- Cover of All His Engines (January 2005)
- Date: January 2005
- Series: Hellblazer
- Page count: 128 pages
- Publisher: Vertigo

Creative team
- Writers: Mike Carey
- Artists: Leonardo Manco
- ISBN: 1-40120-317-5

= All His Engines =

DC Comics graphic novel by Mike Carey

John Constantine, Hellblazer: All His Engines is an original graphic novel featuring the DC Comics character John Constantine, written by Mike Carey, with art by Leonardo Manco. The graphic novel is a spin-off of the long-running series Hellblazer, published by the DC Comics imprint Vertigo.
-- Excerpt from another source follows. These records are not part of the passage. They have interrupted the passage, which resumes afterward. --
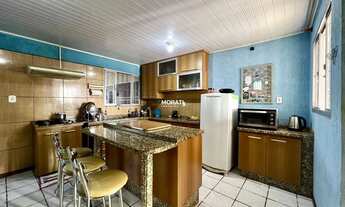 Imagem 3: Casa com Dois Quartos e Edícula no Jardim Carmen!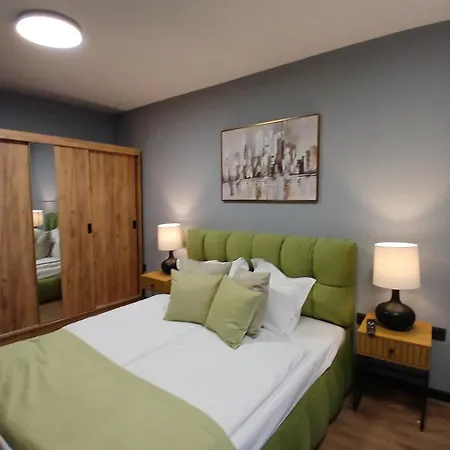 Danaya מלון דירות סטרה זגורה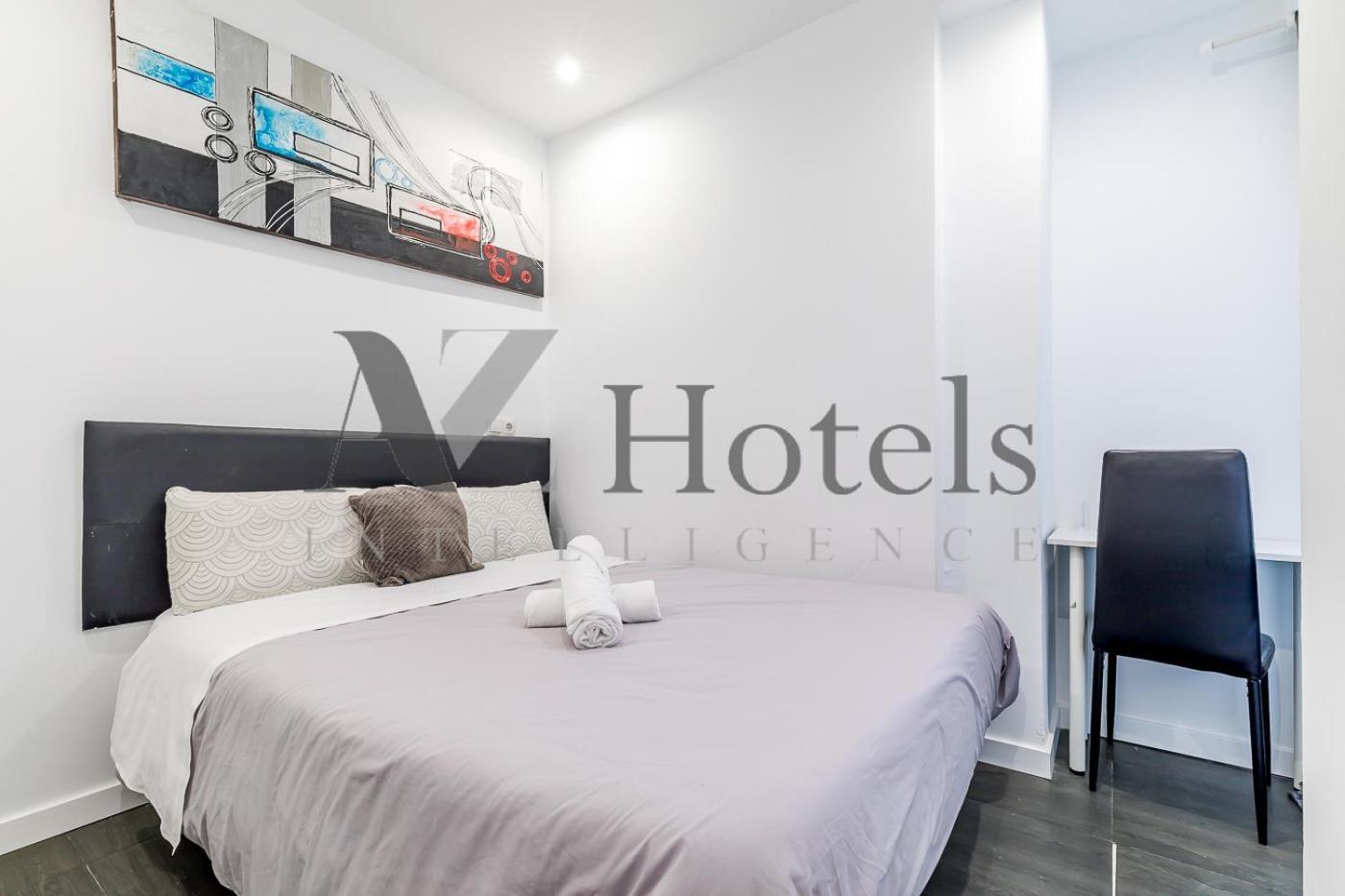 Ayz Ulises - Auto Check-In Property Madrid Exterior photo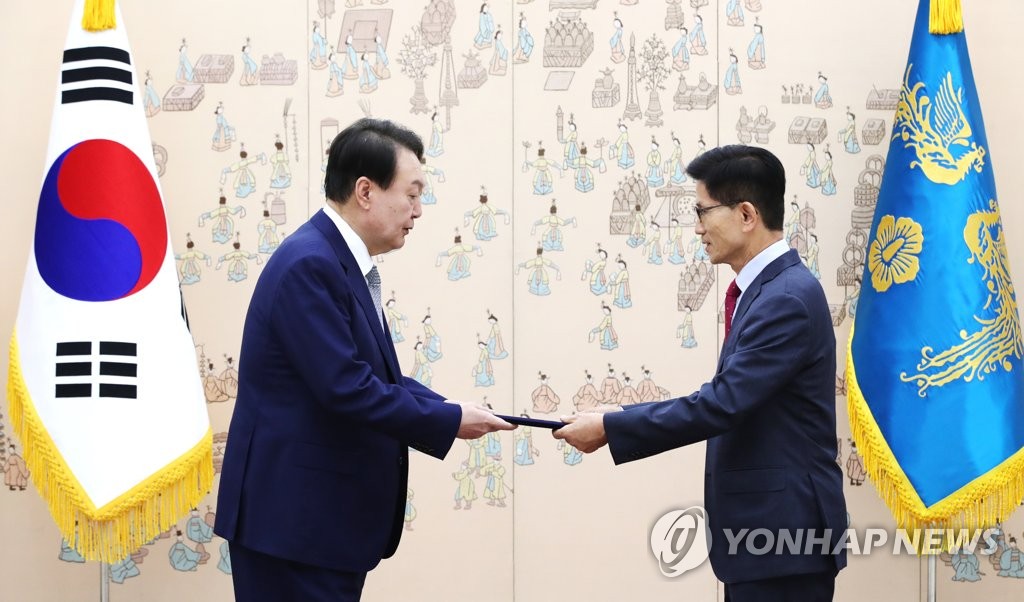 위촉장 받는 김문수 경제사회노동위원회 위원장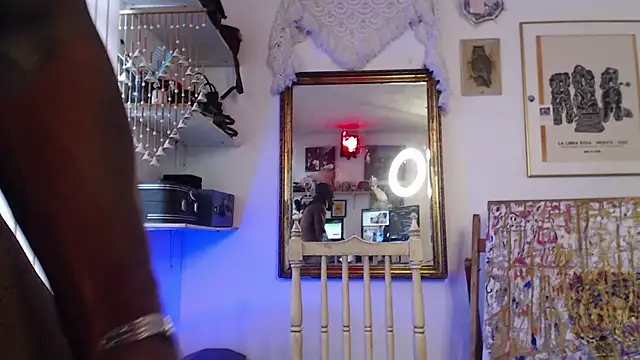 Siriss boyrag online show from March 8, 2025, 8:46 pm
It was first published in January 2005. The graphic novel follows John Constantine's investigation into a worldwide phenomenon that is placing innocent people into comas. All His Engines was loosely adapted into the animated series (later compiled as a direct-to-DVD film) titled Constantine: City of Demons, an installment of the DC Animated Movie Universe.

==Publication history==
All His Engines was only published in graphic novel format (ISBN 1-4012-0317-5).

==Plot==
In 2004, mysterious plague begins putting its victims into unexplained comas, including Chas Chandler's granddaughter Tricia. Chas' best friend John Constantine takes up the case in London, using his acquaintance Fennel to communicate with Tricia's soul, but the ceremony is hijacked by a third party who kills Fennel and instructs Constantine to travel to an address in Los Angeles. Constantine and Chas find the address and discover that a demon named Beroul is responsible for the coma. He blackmails Constantine into working for him in return for Tricia's soul. He commands Constantine to hunt down a list of demons who are interfering with his work. Constantine summons the Aztec god Mictlantecuhtli for a favor. Constantine summons Beroul's enemies in a church and Mictlantecuhtli, immune to the effects of Christian holy paraphernalia, effortlessly slaughters them. Beroul doesn't keep his end of the bargain and makes a business pact with Mictlantecuhtli. John then makes another deal with Mictlantecuhtli, who has the ability to knit souls and bodies back together. In a final confrontation with Beroul, Mictlantecuhtli does so and restored Tricia, possessing her body. Constantine then feigns a gamble with Tricia's life, and Mictlantecuhtli leaves her. Chas and Tricia leave for England while Constantine decides to stay in Los Angeles for a while.

==Reception==
Stephen Holland of Comics Bulletin wrote in his review of the graphic novel that "Carey is on the toppest form I've known of him" and felt that the style evoked earlier periods of the long-running series as the "script felt like Ennis, the art like a moodier, more solid John Ridgway."

==In other media==
- The tenth episode of the NBC television series Constantine, "Quid Pro Quo", is a loose adaptation of All His Engines with the demon Beroul replaced with DC Universe supervillain Felix Faust and Chas's daughter being the victim of the curse instead of his granddaughter. The episode also takes the creative liberty of providing an origin for supernatural healing powers for Chas.
- The CW Seed/DC Animated Movie Universe series Constantine: City of Demons is loosely based on the graphic novel. While initially following the plot of the comic, the plot diverges into material not covered in the comic and features some unique elements such as Beroul being a disguise for the demon Nergal, and a variation of the Newcastle incident from Constantine's origin.